## Supplied records
◆ ◆ ◆

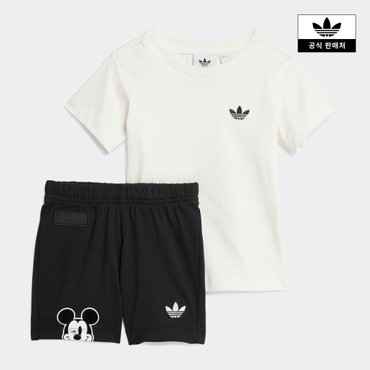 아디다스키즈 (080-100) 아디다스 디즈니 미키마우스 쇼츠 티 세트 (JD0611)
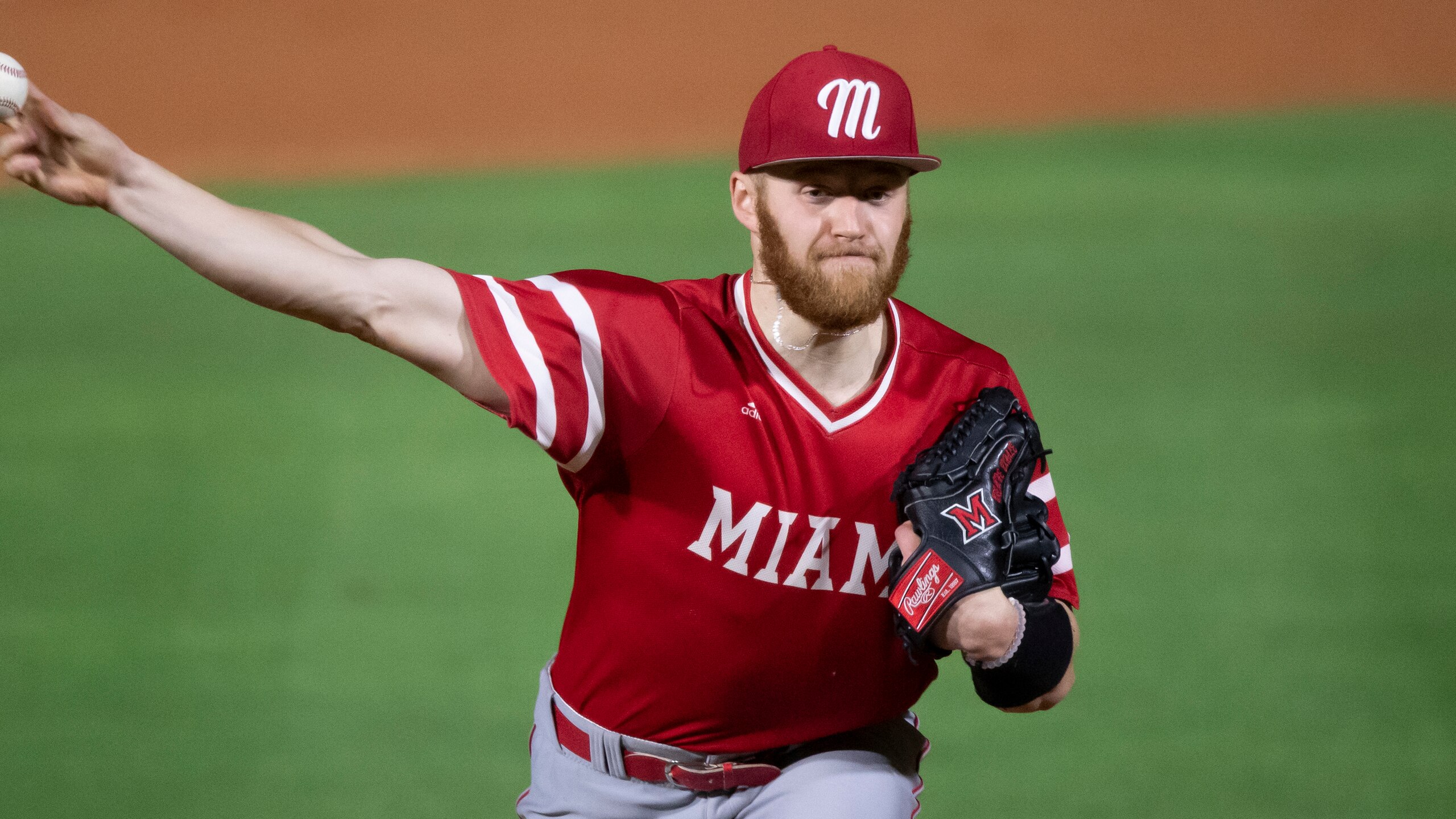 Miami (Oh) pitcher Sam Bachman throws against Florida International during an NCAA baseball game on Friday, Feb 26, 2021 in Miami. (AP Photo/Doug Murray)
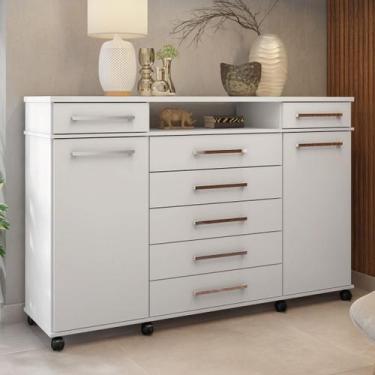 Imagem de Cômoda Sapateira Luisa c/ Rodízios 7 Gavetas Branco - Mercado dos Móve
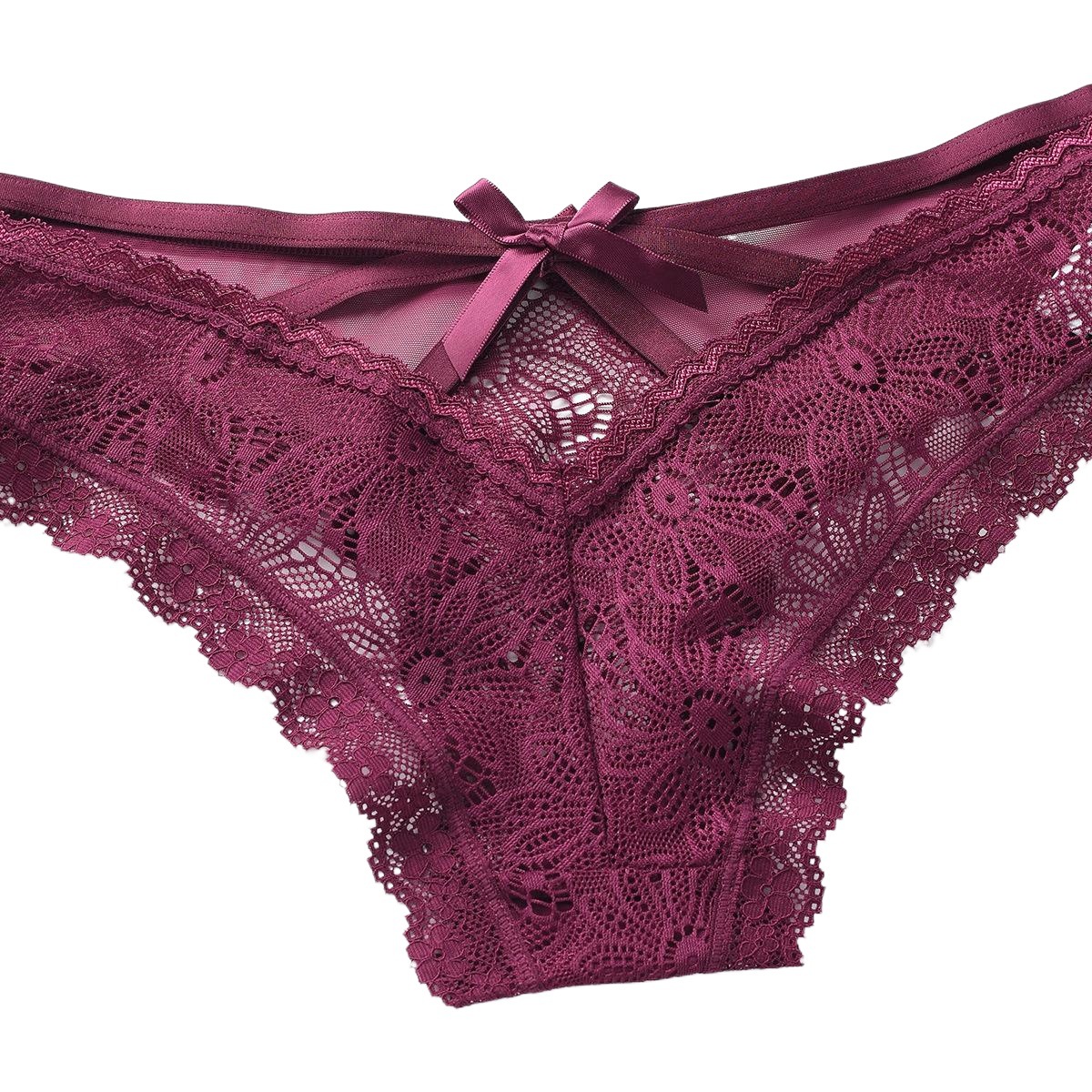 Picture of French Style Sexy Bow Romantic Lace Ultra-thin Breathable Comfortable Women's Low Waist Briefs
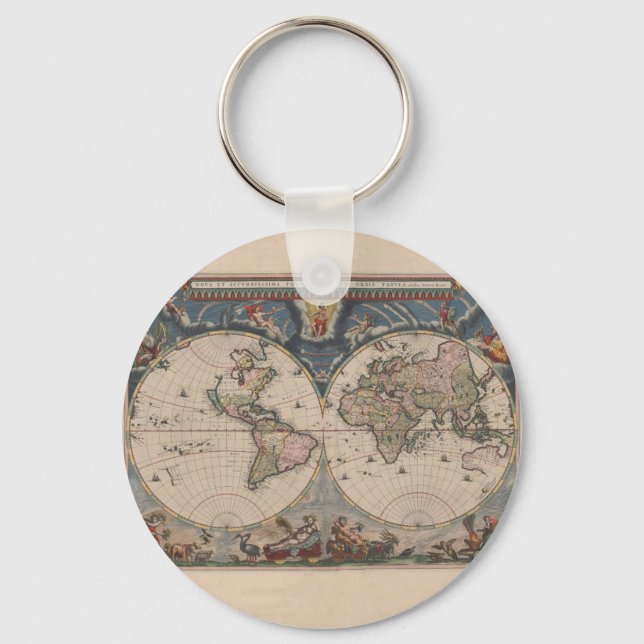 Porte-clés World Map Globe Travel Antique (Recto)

◆ ◆ ◆

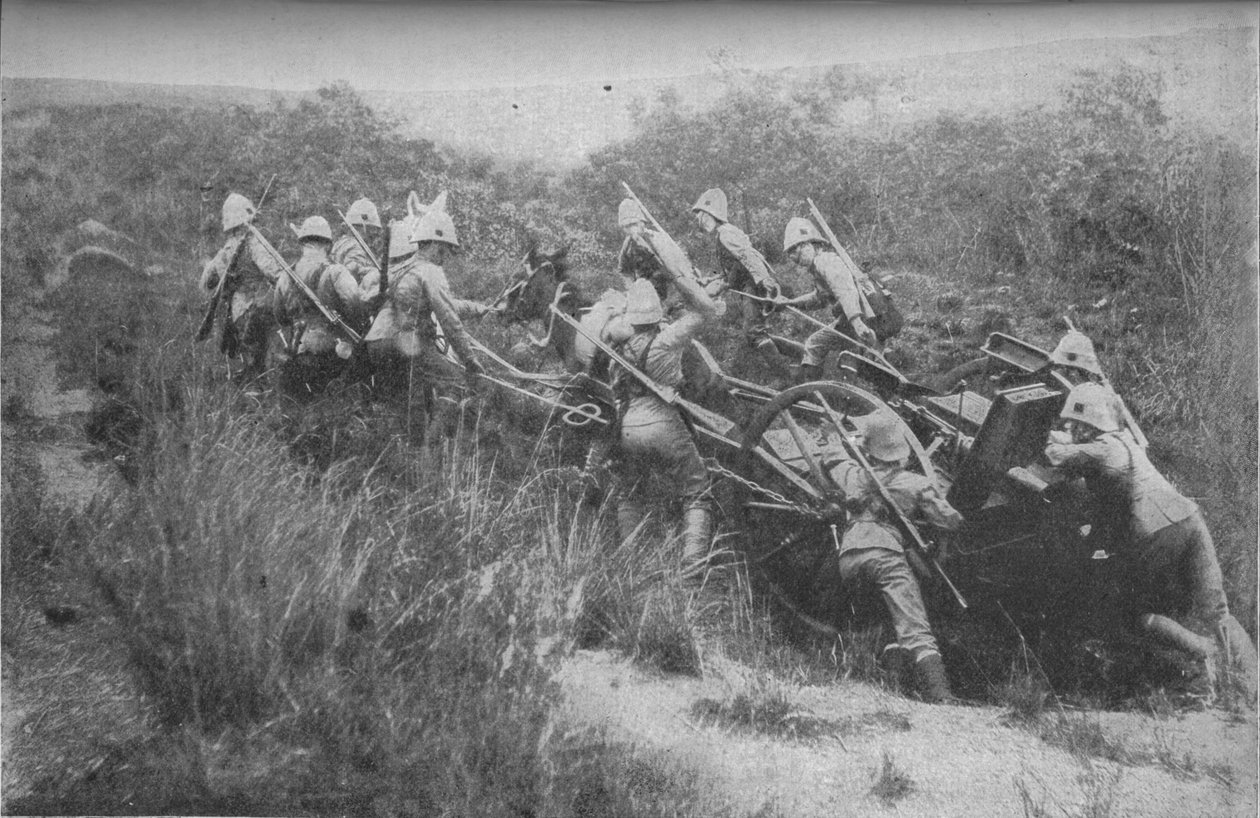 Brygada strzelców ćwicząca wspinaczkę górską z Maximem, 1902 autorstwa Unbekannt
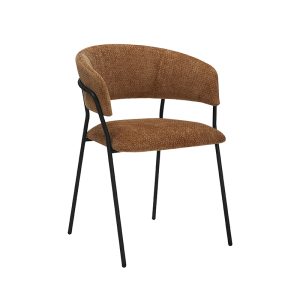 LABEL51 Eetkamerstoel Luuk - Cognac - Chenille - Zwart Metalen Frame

◆ ◆ ◆

## What you are asked to do
A clean copy is needed of the lines in the listing above from the one with "Picture of French" through the one with "Porte-clés World Map", exact in every word and free of pictures.

## Answer area
 Picture of French Style Sexy Bow Romantic Lace Ultra-thin Breathable Comfortable Women's Low Waist Briefs
 Porte-clés World Map Globe Travel Antique (Recto)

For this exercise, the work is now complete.